Golfschläger haben bekanntlich verschiedene Härtegrade (Flex) wie „regular“ oder „stiff“. Haben wir beispielsweise ein Schlägerset der Härte „regular“ gehen wir natürlich davon aus, dass dieser Flex bei allen Schlägern gleich ist. In der Praxis trifft dies aber leider nicht zu: Frequenz-Messungen zeigen, dass es innerhalb eines Schlägersatzes meist leichte Flex-Abweichungen (Sub-Flexe) gibt.

Hinzu kommt, dass „regular“ bei einem Schlägerhersteller nicht dasselbe bedeutet wie bei einem anderen. Jeder Schafthersteller hat im Hinblick auf den Flex eigene Vorstellungen und Standards. Leider gibt es keine allgemein gültigen Richtlinien für die Schaftproduktion.

Das Frequency Matching zielt nun darauf ab, dass sich sämtliche Schäfte eines Satzes zueinander „frequenz-harmonisch“ verhalten.
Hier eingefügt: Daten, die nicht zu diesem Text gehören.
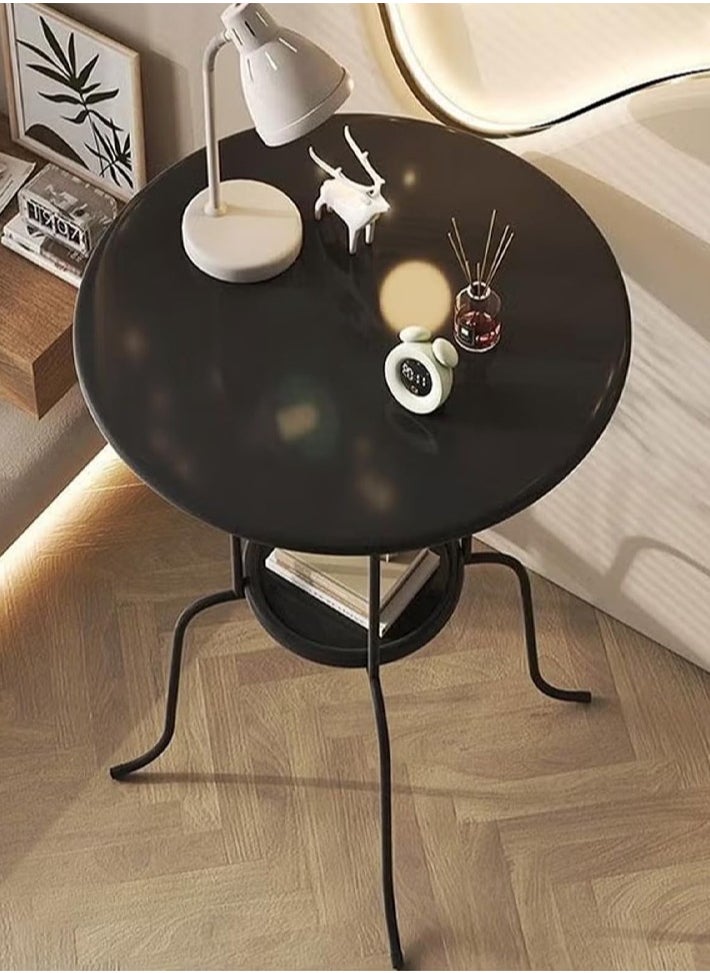 Dida-cosmos Metal Round Tea and Coffee Table, 68*50cm Double-Layer Small Round Table, Wrought Iron Coffee Table, Retro Small Round Table, Bedroom Side Table, Balcony Table, Garden Table Furniture (Black)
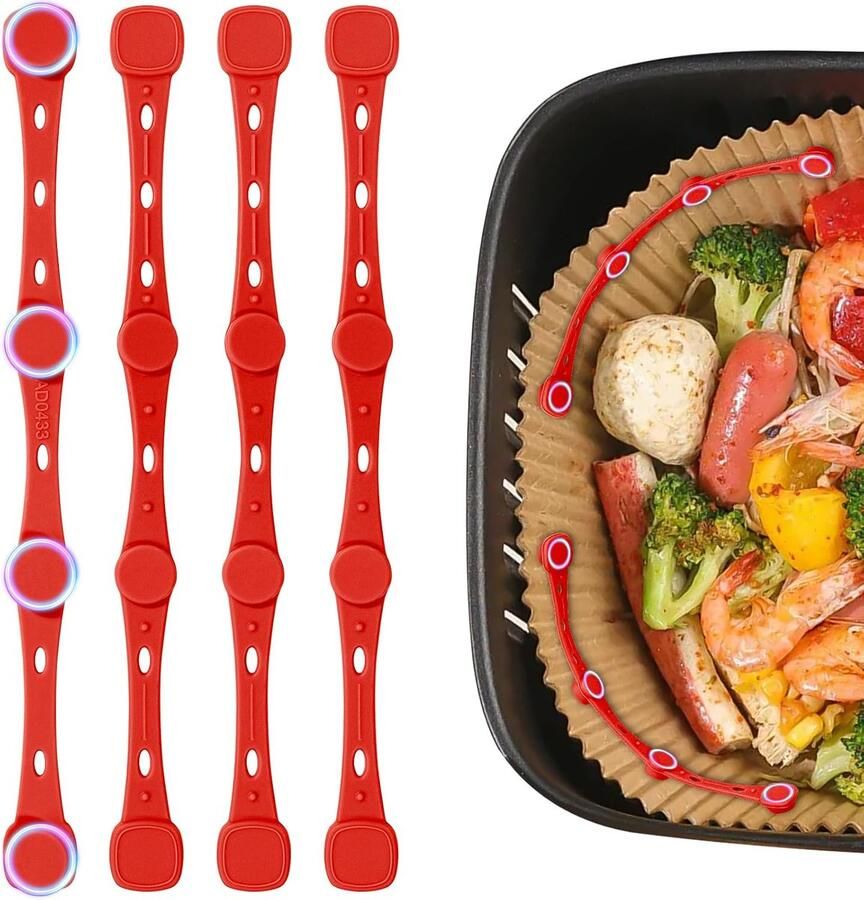 Set van 4 siliconen magneten voor Air Fryer – magnetische fixator voor bakpapier – brandwerend en dekt geen levensmiddelen af – compatibel met Ninja Philips Cosori (Rood)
Im Frequenzmessgerät werden die Schwingungs-Frequenzen (cpm = cycles per minute) jedes einzelnen Schaftes vermessen und entsprechend weiter verarbeitet. Dies gewährleistet, dass jeder Schläger in Ihrem Satz den Schaft mit dem passenden Sub-Flex bekommt. Dadurch ergibt sich ein einheitliches „Flex-Gefühl“ und konstante Entfernungsunterschiede zwischen den einzelnen Eisen.